By Jeff Fasoldt, @Jeff_Fasoldt

Every year as March comes around and the madness settles in, we eye our brackets with hope, but never seem to end up very satisfied.

This year has been no different. The “Cinderellas” are at it again, and the “mid-major” schools are becoming the common fans frustration and the overall talk of college basketball.

For those of you who don’t know where the term “mid-major” comes from, there are five major conferences in college basketball — the ACC, Big-10, Pac-12, Big-12, and SEC. The schools in these conferences are referred to as the “high-majors.” All the rest, the “unknowns” are “mid-majors.”

Dangerous — this is perhaps the best word to describe these types of teams. You can ask Mike Krzyzewski, Bill Self, and Jim Boeheim.

These Hall of Fame (Kryzewski, Boeheim) or future Hall of Fame (Self) coaches of Duke, Kansas, and Syracuse are already looking forward to next season thanks to early tournament upsets.

North Dakota State, Harvard, and Stephen F. Austin were all 12-seeds and also “mid-majors” in the tournament that knocked off the favorite in the first round.

The Dayton Flyers and the Stanford Cardinal will battle for a spot in the Elite Eight on Thursday.

Dayton, the lone Atlantic 10 team left in the tournament, is led by Devin Oliver, Vee Sanford, and Matt Kavanaugh — three seniors who made some of the younger Syracuse Orange players look silly.

And Stanford, who plays out of the Pac-12, is technically not a “mid-major,” but is a 10-seed in the tournament and usually a forgotten team in the Pac-12. The Cardinal’s three top scorers are all juniors, and the rest of the players getting minutes are either seniors or juniors.

So, with all these upsets and these highly favored teams losing in embarrassing fashions, it spurs the question: Can the highly talented, but not as experienced, freshmen not keep up with the experienced “grown men?”

This has been proven undoubtedly true. While Jabari Parker, Andrew Wiggins and Tyler Ennis have garnered most of the attention this year, teams like Louisville and Michigan State are favorites to win the tournament.

These are experienced teams who play like a team.
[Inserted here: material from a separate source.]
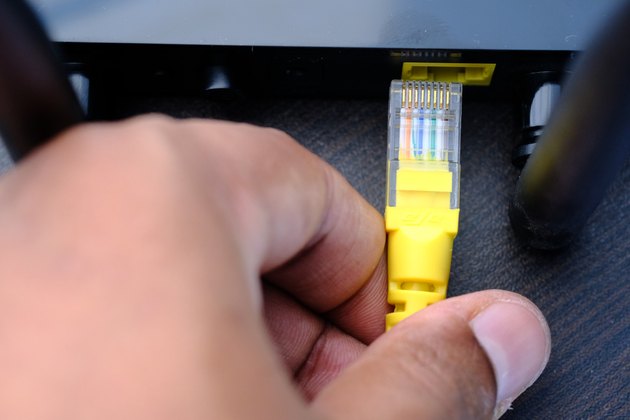 wireless router and cable on table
Take a look at the Florida Gators who start four seniors, and have extremely good odds of winning the tourney.

How about the Virginia Cavaliers? They have flown under the radar all season, but they play as a team better than just about any other team in the nation, making at least five passes before a shot on each possession. They are in the Sweet Sixteen and will battle against Michigan State in a pivotal matchup.

Proper fundamentals. Experience. Good team basketball. These three factors have proven to be the key to success in the tournament so far.

Having a Wiggins or a Parker on your team may be fun to watch during the regular season, but come tournament time it seems that experience has prevailed.

The men have been separated from the boys.